The SA ConCourt ruled in favour of the white farmers having examined the facts in the cause and more importantly that no alternative remedies existed in Zimbabwe and the SADC Tribunal offered relief that could not be obtained in Zimbabwe.

President Mnangagwa’s administration has indicated that compensation is now on the cards in Zimbabwe but evidently this application is a confirmation that the litigants have no faith in this move.

It is not clear what approach the SA government under President Ramaphosa will take in response to this application especially having regard to the cosy diplomatic relationship between the SA and Zimbabwean government as evidenced during the recent Bi-National Commission meetings held in Harare in which the implications of this judgment was at the fore of the discussions.
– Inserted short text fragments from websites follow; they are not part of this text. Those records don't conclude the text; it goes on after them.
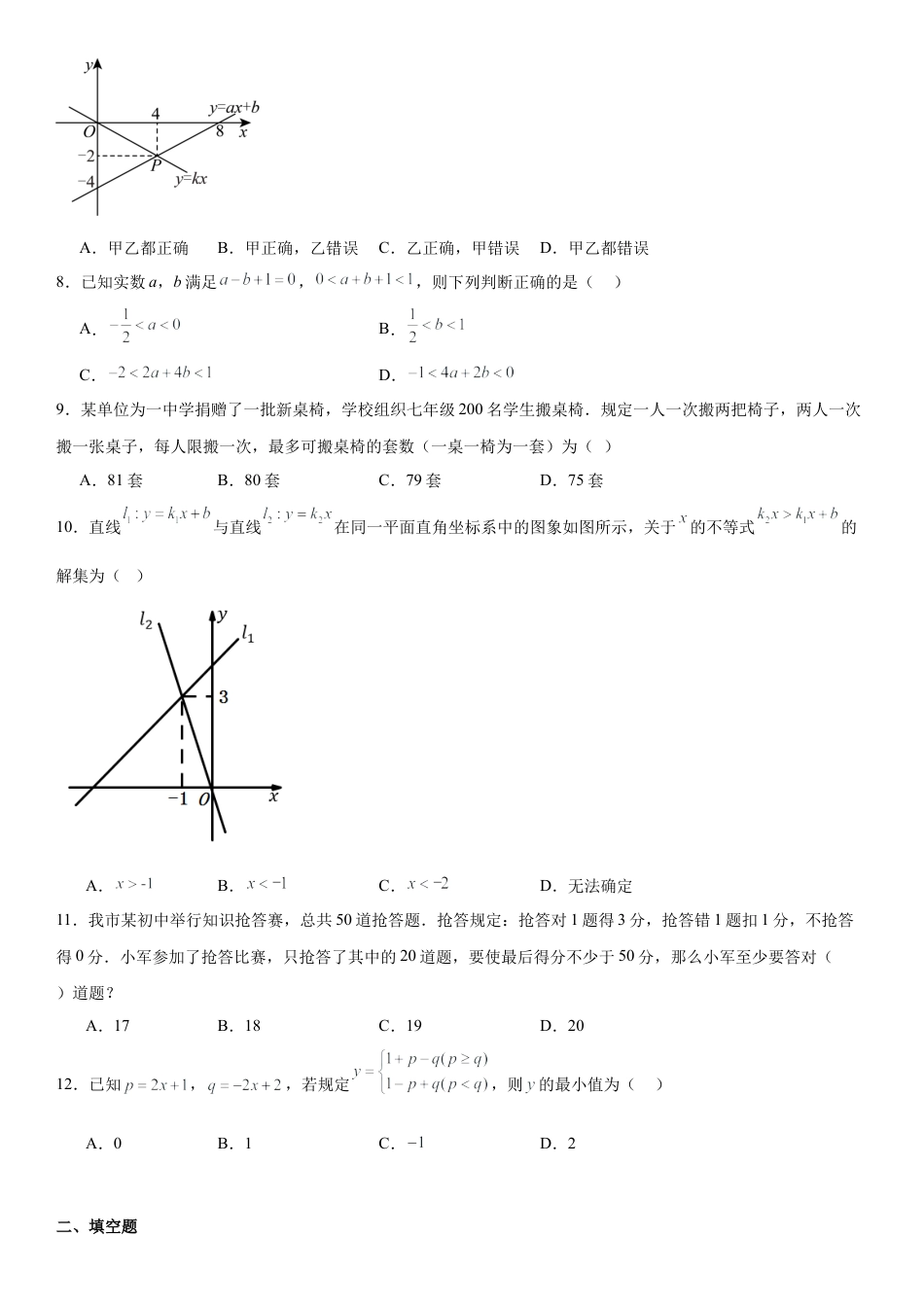 鲁教版（五四制）数学七年级下册第十一章《一元一次不等式与一元一次不等式组》单元检测.docx_第2页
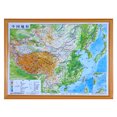 thumbnail image 1 of Labymos Middle school students world Chinese three-dimensional topographic map set gift desktop geographic fill training, 1 of 8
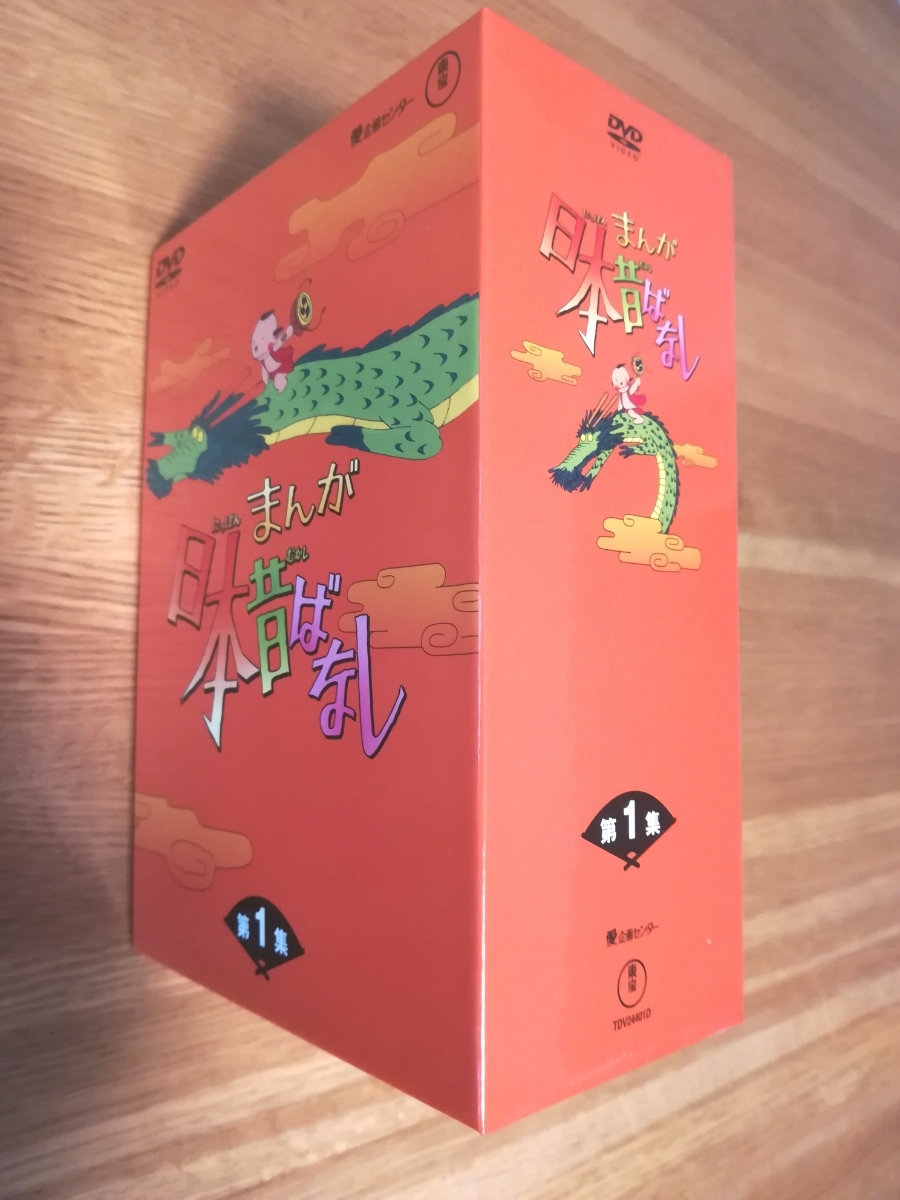 まんが日本昔ばなし DVD-BOX 第1集〈5枚組〉_1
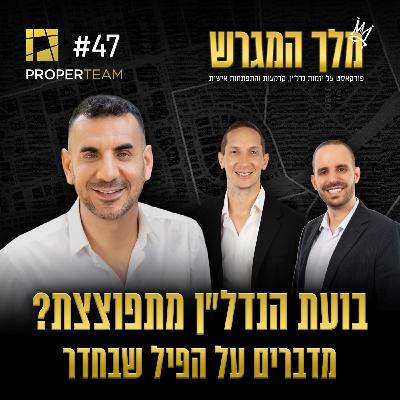 פרק 47 - בועת הנדל״ן מתפוצצת? מדברים על הפיל שבחדר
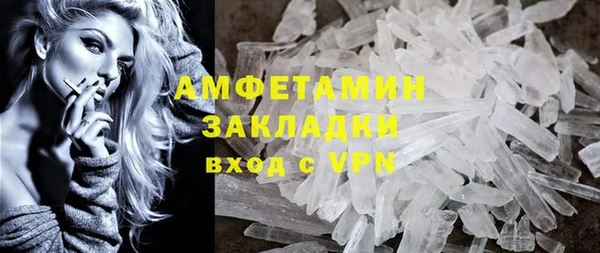 мяу мяу мука Лагань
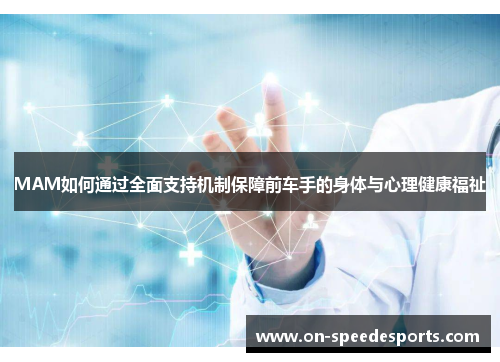 MAM如何通过全面支持机制保障前车手的身体与心理健康福祉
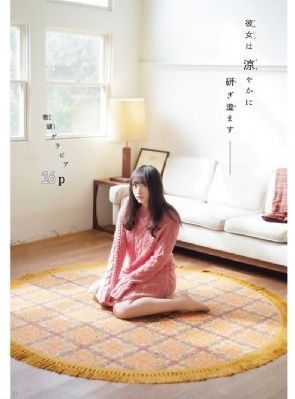99久久国产综合精品国_电影在线观看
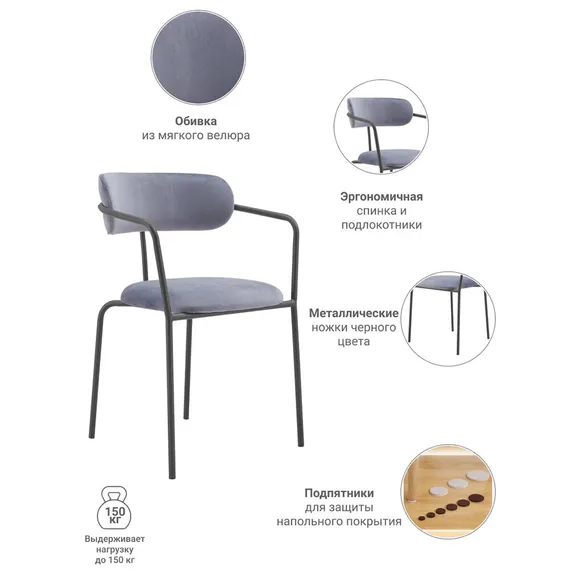 Стул Pedigree серо-голубой велюр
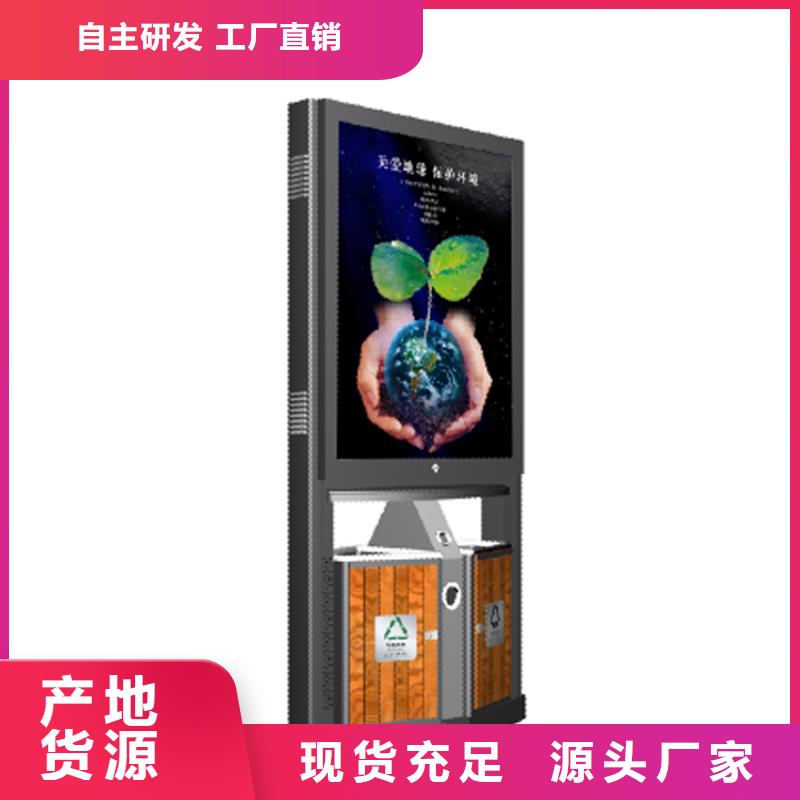 街道智能垃圾箱无中间商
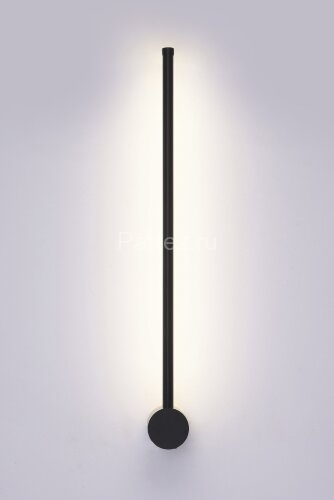 Бра Lussole Loft LSP-7034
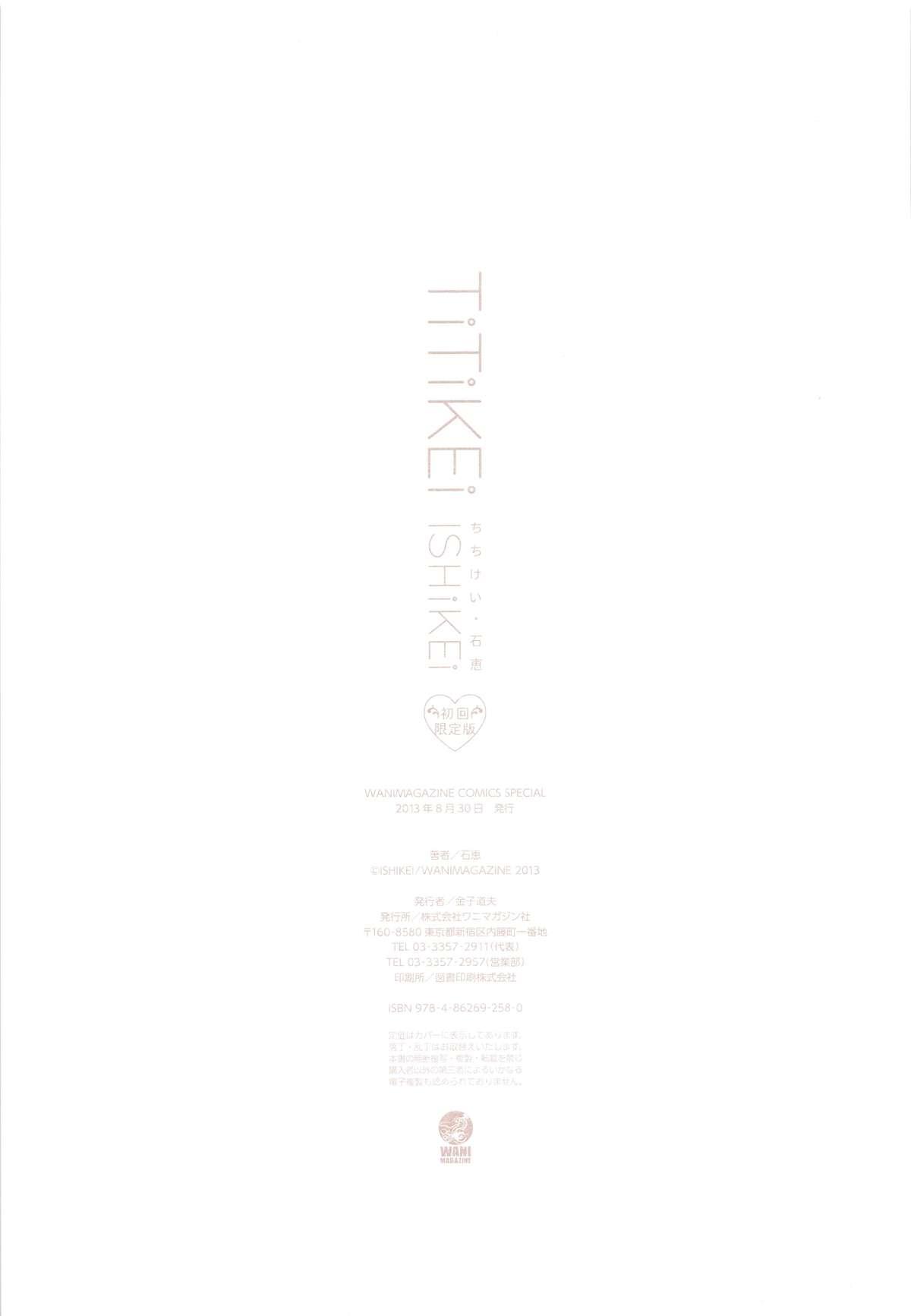 TiTiKEi First Press Limited Edition 251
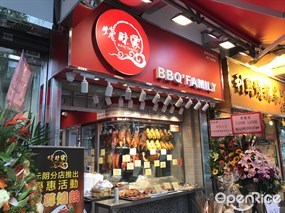 燒味家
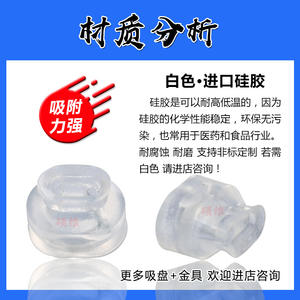 Accesorio de Brazo Robótico de Grado Industrial Niu, Ventosa Ovalada, Boquilla Neumática Personalizable, Robots Colaborativos - Product Image 4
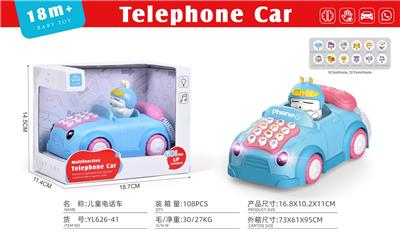 益智早教    小蓝兔        汽车电话机   英文版 - OBL10379490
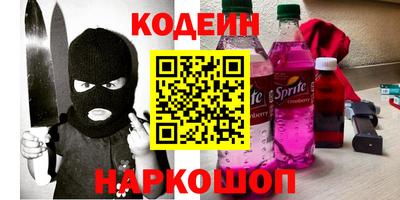 прущая мука Усть-Джегута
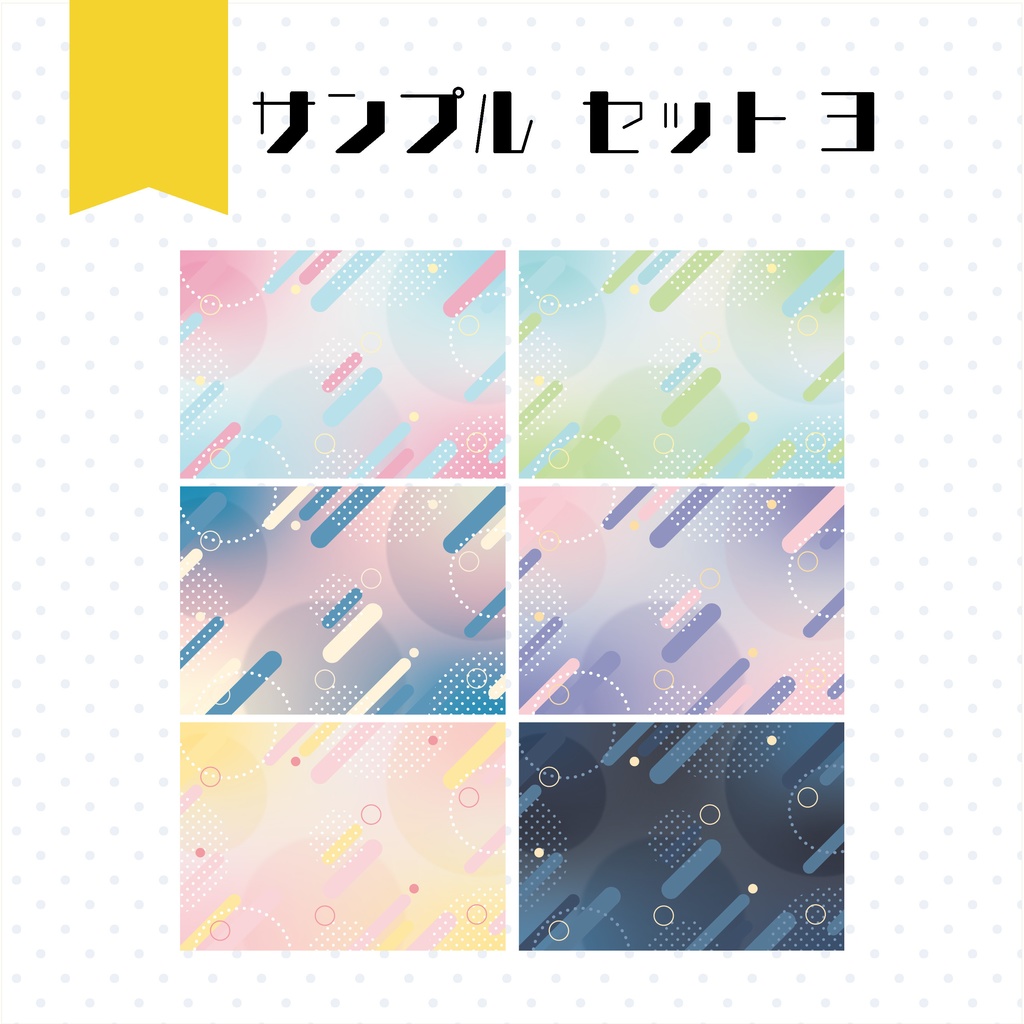 【イラスト・表紙素材】メンフィス・デザイン表紙素材 有料版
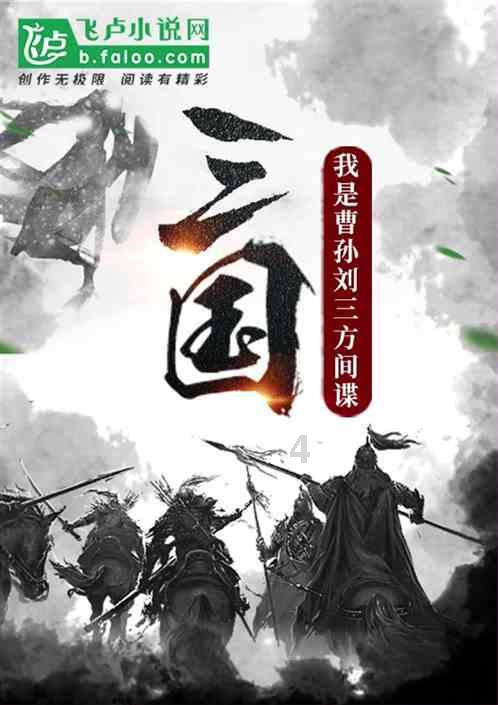 寻找丢失的钱包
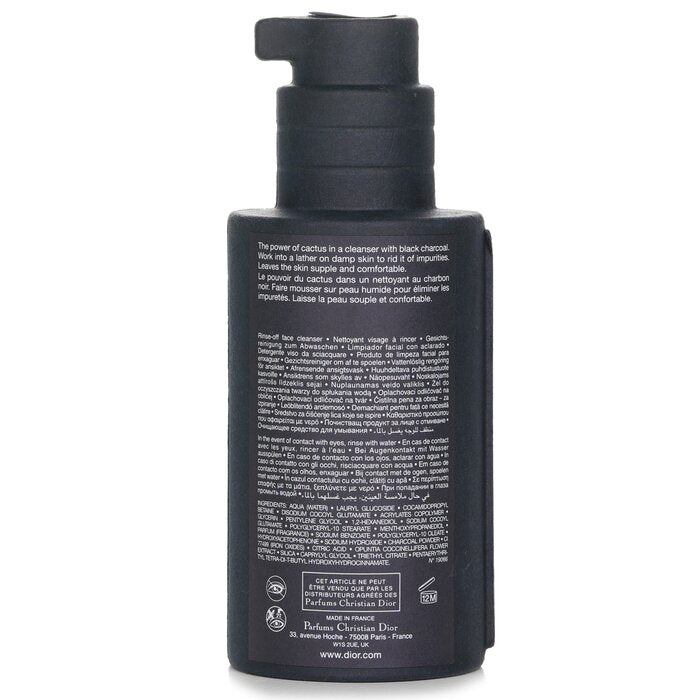 CHRISTIAN DIOR - Sauvage the Cleanser Powered by Cactus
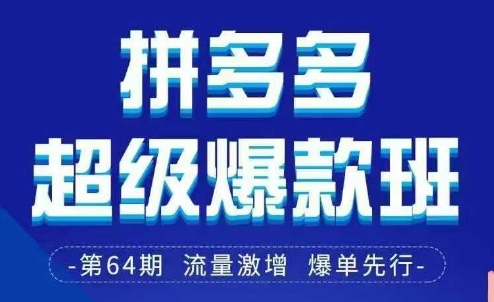 拼多多超级爆款班64期线下课资料3月28-29号pdf和思维导图-8U创业网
This case is pregnant with a number of implications including the role of SA in ensuring that laws and measures that offend SA public policy cannot be given support and life by any SA authorities.

It is also the case that the issue of equity in the land reform programs in Southern Africa has to be dealt with in accordance with rule of law principles.

The expectation that President Mnangagwa would reverse the Mugabe logic that land was stolen from blacks and as such no compensation for land dispossessions was in the interests of equity and justice.

The challenge that SA faces on the land question is daunting and a ruling on this matter will foreshadow the options available to the SA government on this matter.

If the SA courts order the government to compensate the Zimbabwean farmers, then an argument will also be asserted that the proposed s 25 amendment of the SA Constitution offends the values and principles entrenched in the Constitution and as such expropriation without compensation falls outside the perimeter of Constitutionalism.

If there was any doubt why Afriforum has chosen to associate itself with this dispute, it will become clear what is at stake when this matter unfolds in Court.

It can already be discerned that the December gift to the Zimbabwean white farmers is also a disguised conundrum that has far reaching public policy implications.

Only time will tell. In the meantime, it is important to fasten seatbelts and let the matter be unpacked to its finality.